Un magasin La Halle à Alençon le 12 avril 2020. — SICCOLI PATRICK/SIPA

L’intersyndicale de La Halle interpelle la ministre du Travail Muriel Pénicaud au sujet de la situation de l’enseigne de vêtements et de chaussures, où « au moins 2.200 salariés vont perdre leur emploi dans les prochaines semaines ».

Les syndicats CFE-CGC, CFTC, CGT, FO et SUD rappellent que « comme pour Camaïeu », le placement en redressement judiciaire « n’est pas une surprise » et reprochent au groupe Vivarte, actionnaire de La Halle, d’avoir « piloté l’entreprise avec la volonté constante de tirer un profit à court terme de leur investissement » et « sans jamais poser les bases d’un projet industriel global et de long terme ».

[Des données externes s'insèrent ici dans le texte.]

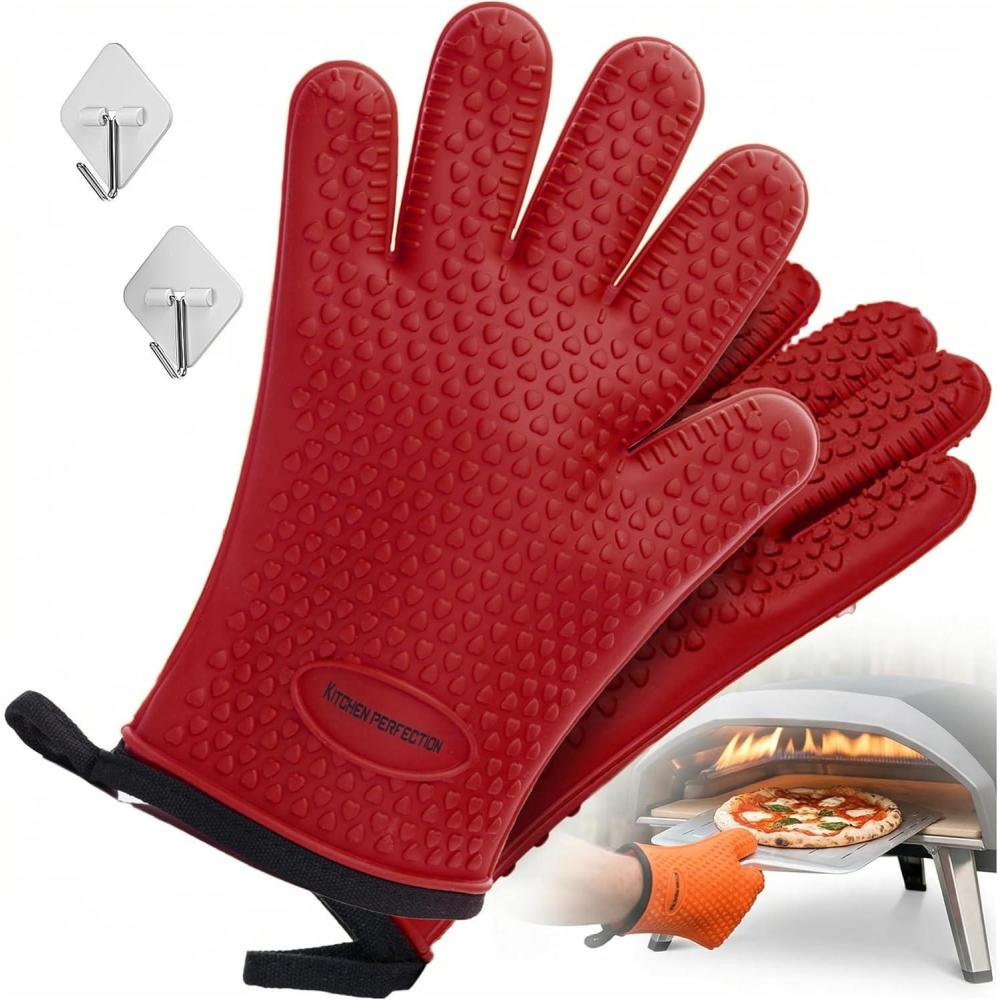 image:imageKITCHEN PERFECTION XL Silicone Pizza Oven Gloves Extreme Heat Resistant Gloves for Outdoor amp Indoor Pizza Ovens Waterproof Oven Mitts Compatible wOoni Ninja Gozney amp MoreSuperior Set3 BonusesLegacy Red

L’intersyndicale demande à l’État de prêter son concours, rappelant que « par le passé et dans des situations de redressement judiciaire, l’État a abondé des PSE pauvres dans leur contenu », citant l’exemple du transporteur Mory. Les syndicats demandent à Vivarte, « mais surtout aux fonds d’investissement propriétaires de ce groupe, de participer au financement d’un plan de sauvegarde de l’emploi (PSE) qui donne des moyens pour le retour à l’emploi des salariés licenciés ».

Des craintes par rapport au repreneur principal

Les syndicats craignent également que le repreneur principal Beaumanoir profite d’une « situation d’aubaine » : « nous voyons bien leur volonté que Vivarte finance les achats pour la saison prochaine, au détriment des fonds alloués au PSE. Ce n’est pas acceptable non plus ». Ils demandent à Beaumanoir d’élargir le périmètre de reprise à davantage de magasins et d’entrepôts, « ce qui permettrait d’alléger le coût de la restructuration et de l’indemnisation des futurs chômeurs portée par l’État ».

Patrick Puy avait indiqué le 26 mai que l’entreprise avait reçu « sept offres, émanant pour la plupart de concurrents, qui reprendraient à ce stade 3.195 personnes sur 5.391, donc 60 % ».